La obsesión del movimiento ecologista por crear reservas naturales donde la mano del hombre quede totalmente erradicada y donde impere la "armonía de la naturaleza" nos ha jugado una mala pasada. Dicho de otro modo, las medidas proteccionistas que impedían tareas de explotación en las zonas afectadas multiplicaron el efecto de los incendios. En Ontinyent el Paratge Natural Municipal ultraprotegido de la Serra de L'Ombria-Pou Clar es buena muestra donde con facilidad han proliferado multitud de incendios en 40 años, el último el 6 de Septiembre de 2010. El segundo y más importante foco del incendio apareció a las 11 de la noche en el Pla de Ponce en el término de Bocairent.

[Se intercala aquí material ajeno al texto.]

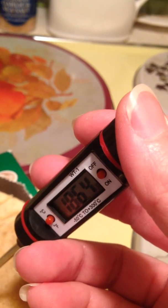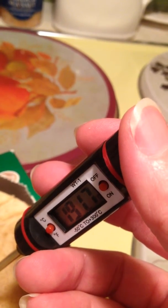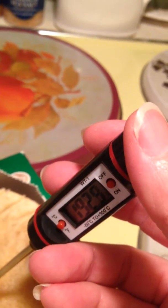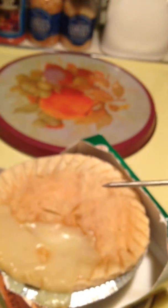Well, it looks like it's perfect. It's over 180 degrees, so I need to be careful that I don't burn my tongue. But now I can be assured that my food is cooked completely with the new thermometer.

A esas horas poco se puede hacer, pero a la mañana seguiente apareció el Conseller de Gobernación y la Ministra de Defensa con unidades terrestres contra incendios para hacerse la foto y dar el golpe sobre la mesa para que nadie dudara de que la protección del monte es cosa de Estado. Centralización, protección, intervención, abanderando el fracaso.
Hay otras formas de prevenir y luchar contra los incendios aparte de invitar al fuego para luego combatirlo con medios exclusivamente públicos.
En primer lugar habría que ignorar los delirios de la fiebre ecologista y devolver a los dueños de las tierras el derecho de explotar el monte. De este modo se reestablecería el vínculo entre propiedad y estímulo a cuidar el pinar y otros entornos sujetos al riesgo de incendio.
En segundo lugar, el Estado debe evitar las ayudas indiscriminadas que perjudican el establecimiento de contratos que primen a las compañías aseguradoras para buscar nuevas formas de lucha contra el fuego.
En tercer lugar, hay que descentralizar las decisiones sobre el riesgo en situaciones como la vivida en Serra L'Ombria. A menudo son los lugareños quienes mejor saben cómo proteger su propiedad y sin embargo no se les deja participar en las labores de extinción. Cuando la solución es centralizada, un error hace que muchísimas familias se vean afectadas. En cambio, cuando se permite la competencia entre diferentes alternativas sobre cómo combatir una catástrofe como esta, surgen nuevas formas más efectivas.
El desprecio del movimiento ecologista radical por el individuo, la propiedad privada y el mercado libre les ha llevado a ignorar los incentivos. De este modo han aumentado el riesgo de incendios al igual que su oposición a los diques "artificiales" les condujo a impulsar el huracán Katrina hasta convertirlo en un cataclismo para los habitantes de Nueva Orleáns. Parece como si los ecologistas no se hubiesen dado cuenta de que, si bien el fuego es "natural", quema un montón. Claro que si lo que quema son propiedades privadas, a lo mejor hasta se alegran.